About this exercise: Within the lines below, the span from the line with "水筒(リトル・バイ・リトル・クローゼット)" to the line with "STARTECH PXT1001M", both ends included, is to be reproduced exactly, with pictures omitted.

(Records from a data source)
·····

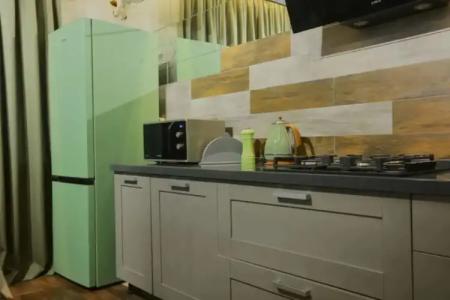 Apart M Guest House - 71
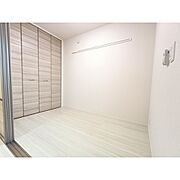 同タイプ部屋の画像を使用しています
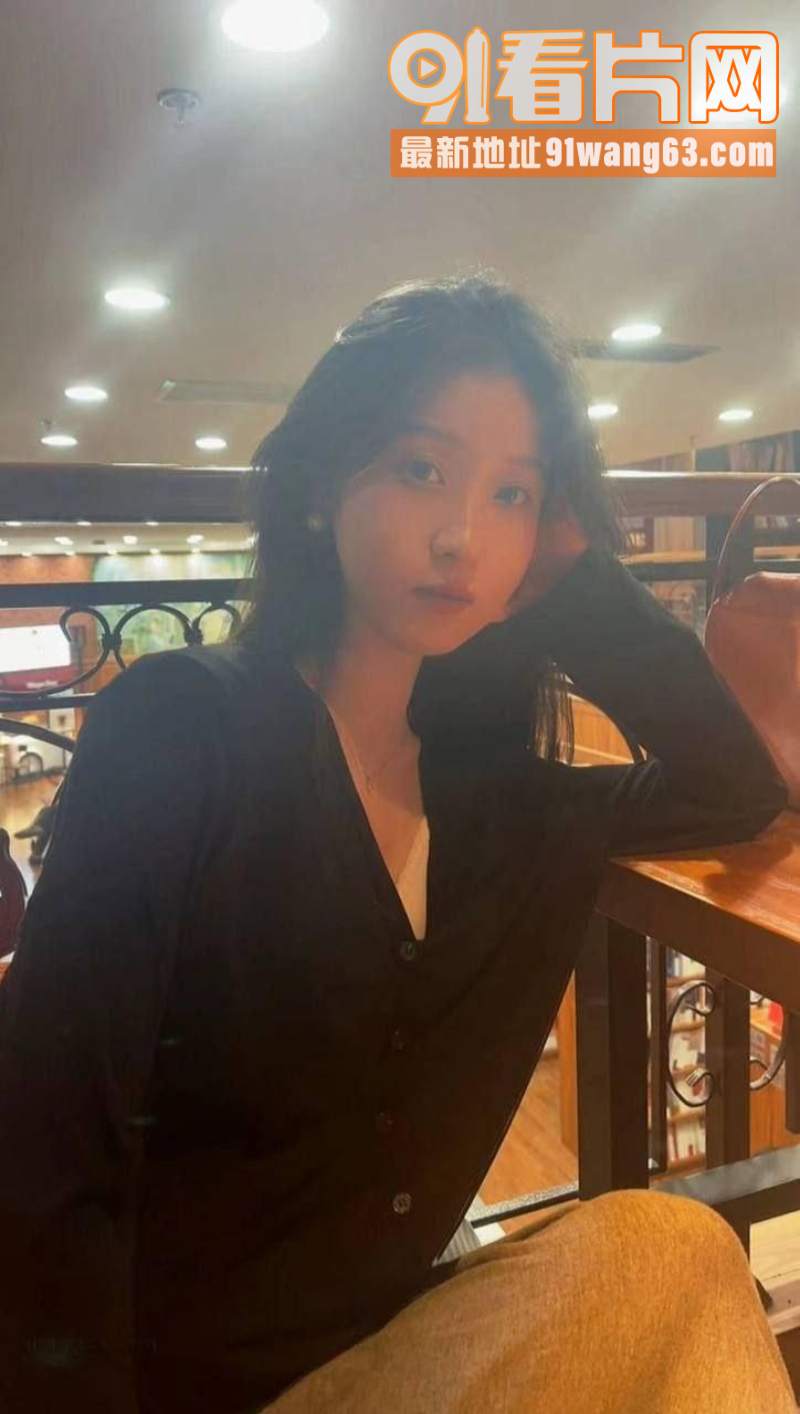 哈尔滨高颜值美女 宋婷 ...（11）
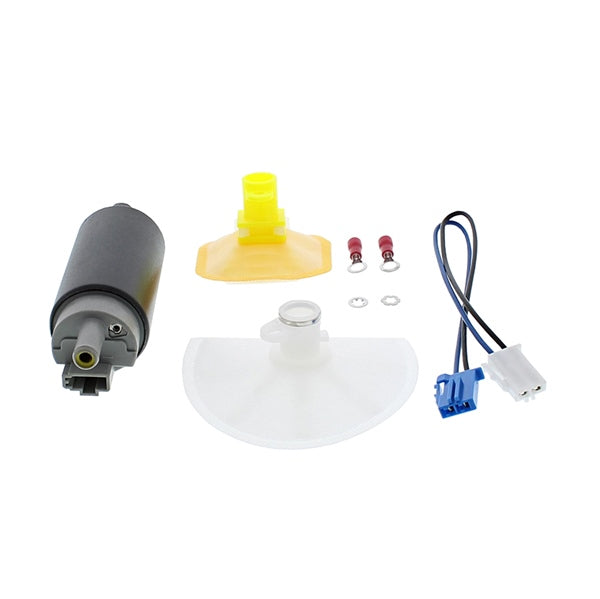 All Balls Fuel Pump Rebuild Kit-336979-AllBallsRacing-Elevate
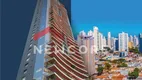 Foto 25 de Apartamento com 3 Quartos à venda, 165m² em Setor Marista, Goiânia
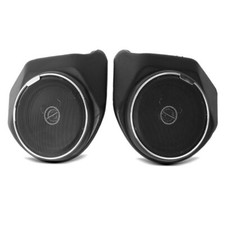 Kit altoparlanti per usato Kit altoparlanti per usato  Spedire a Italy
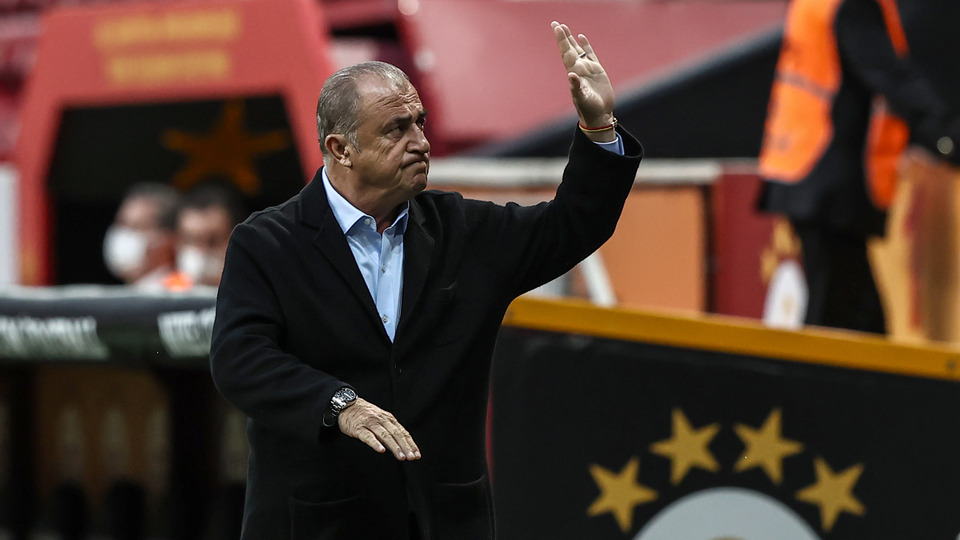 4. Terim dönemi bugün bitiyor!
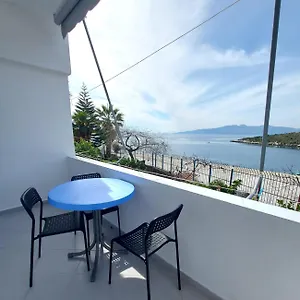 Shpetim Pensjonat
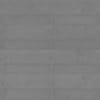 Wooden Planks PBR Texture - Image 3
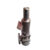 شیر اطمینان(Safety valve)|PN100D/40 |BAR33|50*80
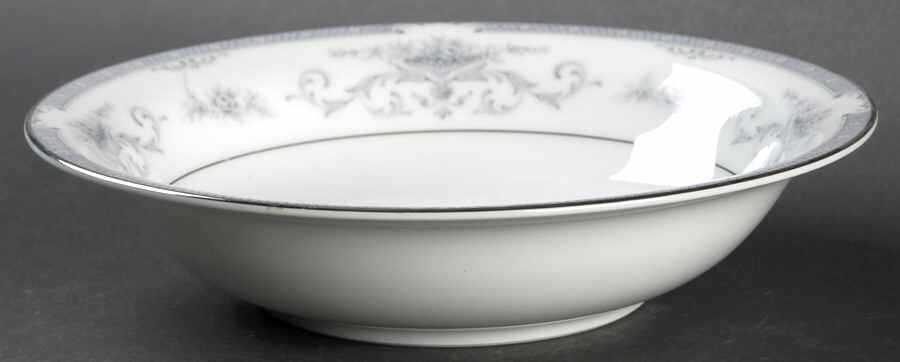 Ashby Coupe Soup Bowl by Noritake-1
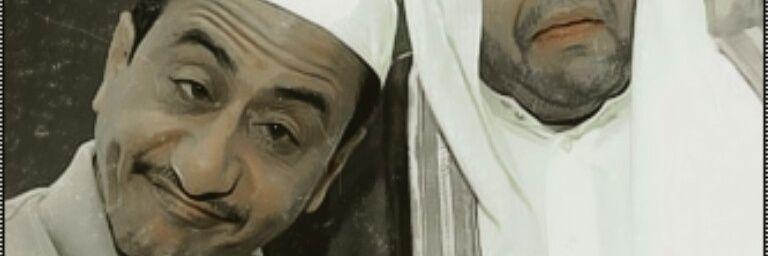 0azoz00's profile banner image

·····

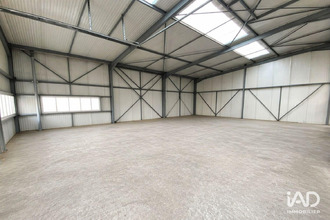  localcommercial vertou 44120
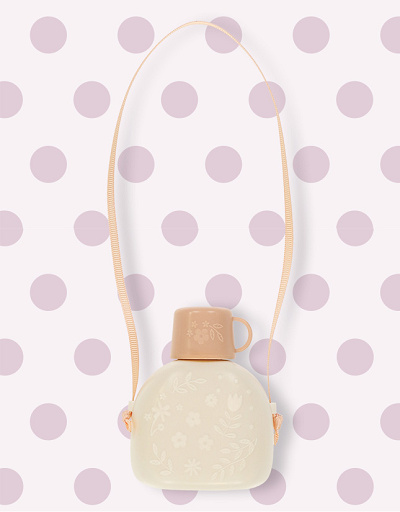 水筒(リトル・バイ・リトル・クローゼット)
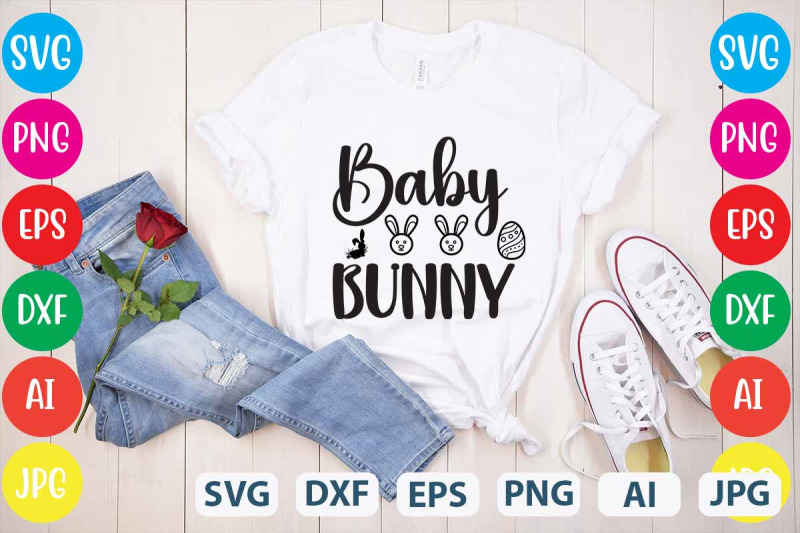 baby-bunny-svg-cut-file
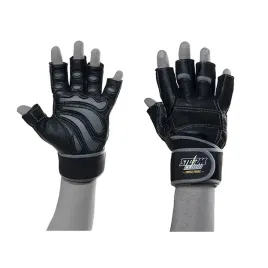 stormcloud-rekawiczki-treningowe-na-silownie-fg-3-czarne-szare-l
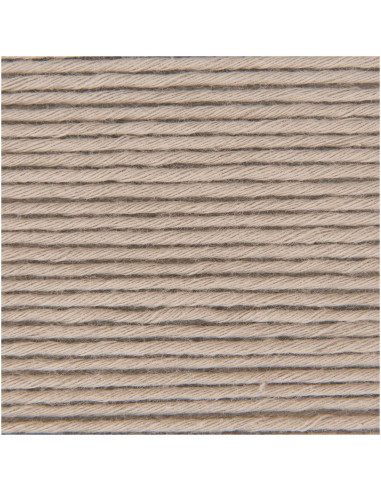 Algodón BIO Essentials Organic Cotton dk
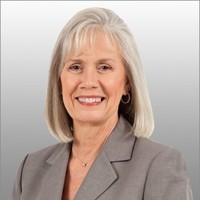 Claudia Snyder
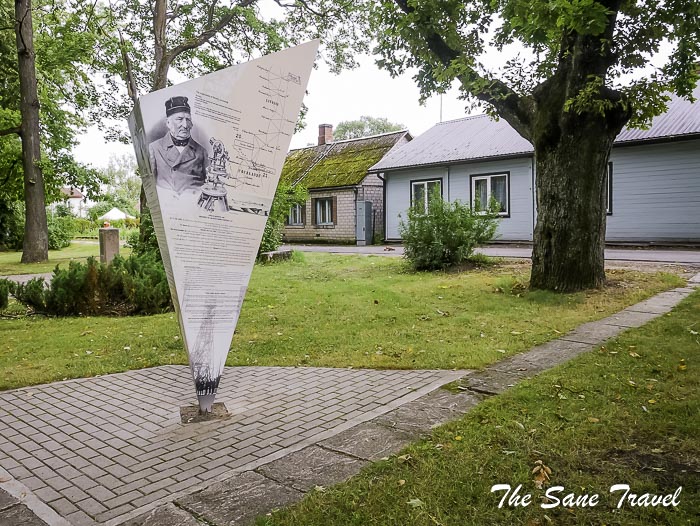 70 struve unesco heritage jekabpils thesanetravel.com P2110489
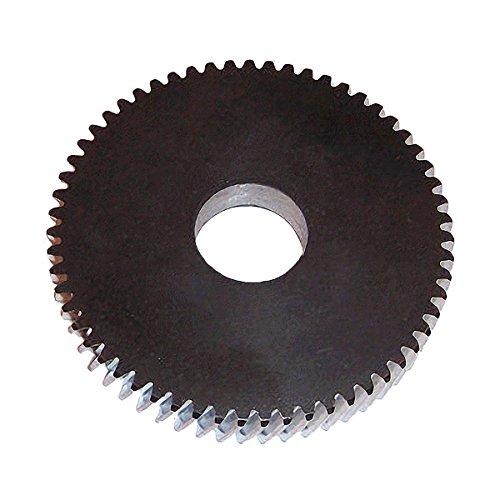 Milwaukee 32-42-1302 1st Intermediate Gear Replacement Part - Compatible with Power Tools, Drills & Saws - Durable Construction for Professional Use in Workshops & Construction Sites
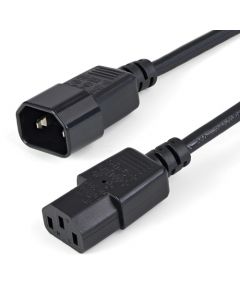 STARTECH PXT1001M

·····

Written reply:
 水筒(リトル・バイ・リトル・クローゼット)
 baby-bunny-svg-cut-file
 stormcloud-rekawiczki-treningowe-na-silownie-fg-3-czarne-szare-l
 Algodón BIO Essentials Organic Cotton dk
 Claudia Snyder
 70 struve unesco heritage jekabpils thesanetravel.com P2110489
 Milwaukee 32-42-1302 1st Intermediate Gear Replacement Part - Compatible with Power Tools, Drills & Saws - Durable Construction for Professional Use in Workshops & Construction Sites
 STARTECH PXT1001M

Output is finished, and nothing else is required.